Data segment:
+ + + + +

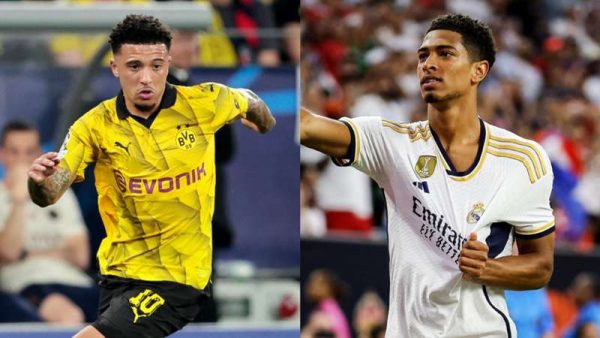 Η μεγάλη ώρα έφτασε: Ρεάλ και Ντόρτμουντ «μάχονται» για την κορυφή της Ευρώπης (vids)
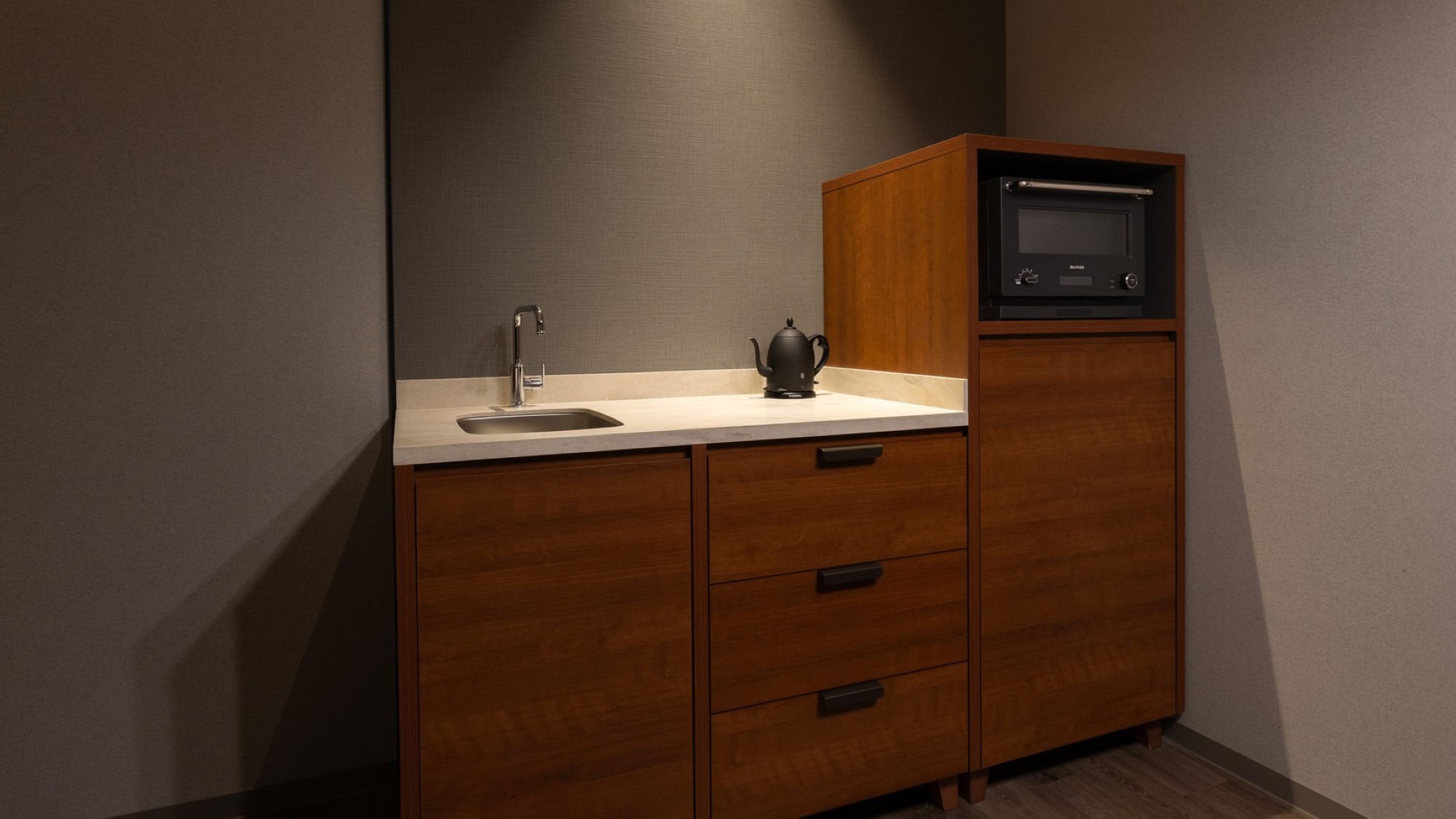 オリエンタル　プレミア　 レジデンス　ミニキッチン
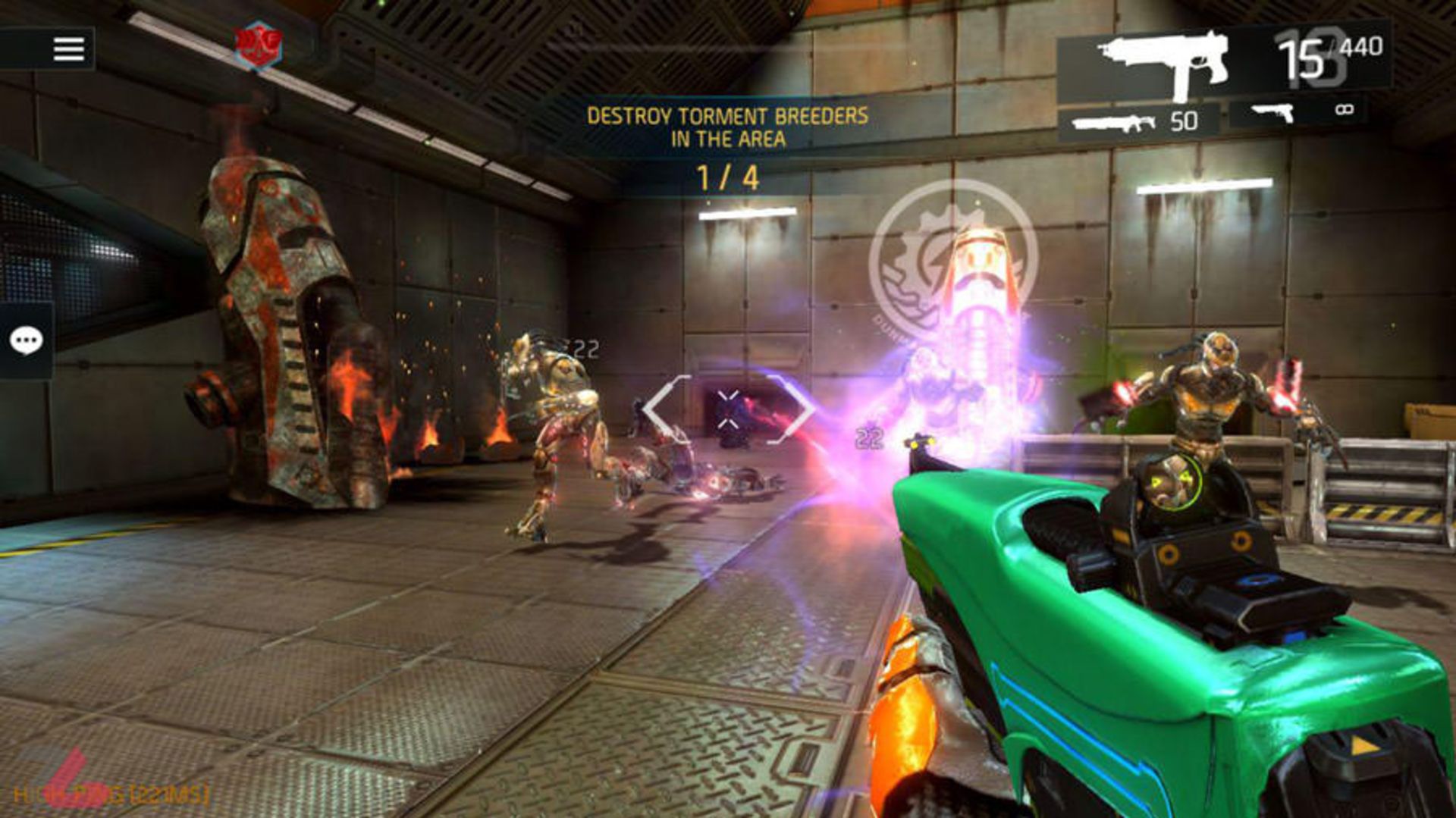 Shadowgun Legends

+ + + + +

Task details: Would you set down the material exactly as it stands, without the pictures?

Solution to this task:
 Η μεγάλη ώρα έφτασε: Ρεάλ και Ντόρτμουντ «μάχονται» για την κορυφή της Ευρώπης (vids)
 オリエンタル　プレミア　 レジデンス　ミニキッチン
 Shadowgun Legends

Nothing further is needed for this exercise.